■ THE TASK
Using the listing below, copy exactly the lines from the one containing "Denim Tom Tailor" to the one containing "QC3.0 Super Fast", both lines included, and no others.

■ EXCERPTED DATA
════
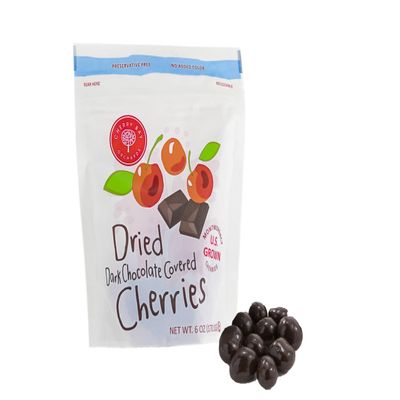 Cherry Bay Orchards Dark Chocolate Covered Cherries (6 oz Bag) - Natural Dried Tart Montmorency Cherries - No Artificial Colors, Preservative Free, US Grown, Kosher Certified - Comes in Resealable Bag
════
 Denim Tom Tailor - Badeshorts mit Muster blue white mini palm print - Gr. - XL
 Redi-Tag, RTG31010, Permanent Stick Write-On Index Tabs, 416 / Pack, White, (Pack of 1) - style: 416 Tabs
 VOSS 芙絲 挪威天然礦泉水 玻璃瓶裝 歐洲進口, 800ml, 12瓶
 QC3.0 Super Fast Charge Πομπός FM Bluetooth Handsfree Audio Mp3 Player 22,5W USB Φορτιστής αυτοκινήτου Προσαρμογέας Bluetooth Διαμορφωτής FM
════
■ TASK OUTPUT
 Denim Tom Tailor - Badeshorts mit Muster blue white mini palm print - Gr. - XL
 Redi-Tag, RTG31010, Permanent Stick Write-On Index Tabs, 416 / Pack, White, (Pack of 1) - style: 416 Tabs
 VOSS 芙絲 挪威天然礦泉水 玻璃瓶裝 歐洲進口, 800ml, 12瓶
 QC3.0 Super Fast Charge Πομπός FM Bluetooth Handsfree Audio Mp3 Player 22,5W USB Φορτιστής αυτοκινήτου Προσαρμογέας Bluetooth Διαμορφωτής FM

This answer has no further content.